**Task requirements:** Look below for the line containing "A modern hotel"; from there through the line containing "Video of a woman", both lines included, please set down each line exactly and nothing else.

-------- Data excerpts

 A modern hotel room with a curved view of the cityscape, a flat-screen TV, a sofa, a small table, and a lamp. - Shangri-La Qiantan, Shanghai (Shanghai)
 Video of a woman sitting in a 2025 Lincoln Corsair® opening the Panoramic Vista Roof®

----------------
-------- Data excerpts

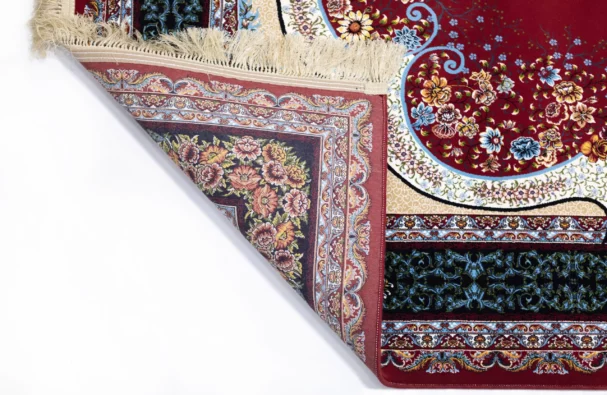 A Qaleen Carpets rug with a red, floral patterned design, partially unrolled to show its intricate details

----------------
-------- Data excerpts

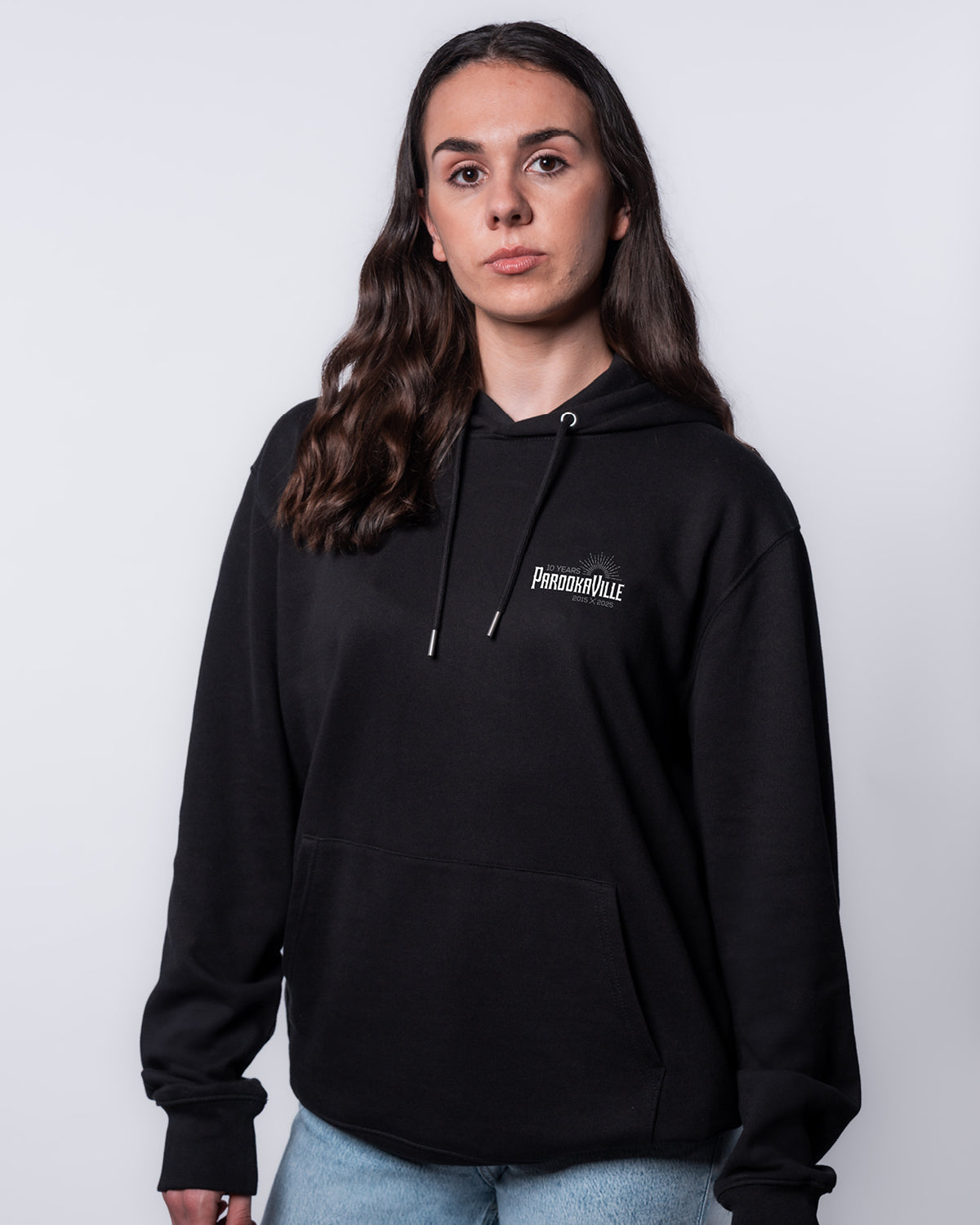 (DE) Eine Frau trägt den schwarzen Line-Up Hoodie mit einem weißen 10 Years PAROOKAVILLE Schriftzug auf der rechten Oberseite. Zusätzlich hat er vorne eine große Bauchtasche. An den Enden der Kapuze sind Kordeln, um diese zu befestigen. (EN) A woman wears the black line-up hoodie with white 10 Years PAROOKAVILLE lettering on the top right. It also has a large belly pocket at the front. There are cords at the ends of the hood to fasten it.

----------------

**Exercise answer:**
 A modern hotel room with a curved view of the cityscape, a flat-screen TV, a sofa, a small table, and a lamp. - Shangri-La Qiantan, Shanghai (Shanghai)
 Video of a woman sitting in a 2025 Lincoln Corsair® opening the Panoramic Vista Roof®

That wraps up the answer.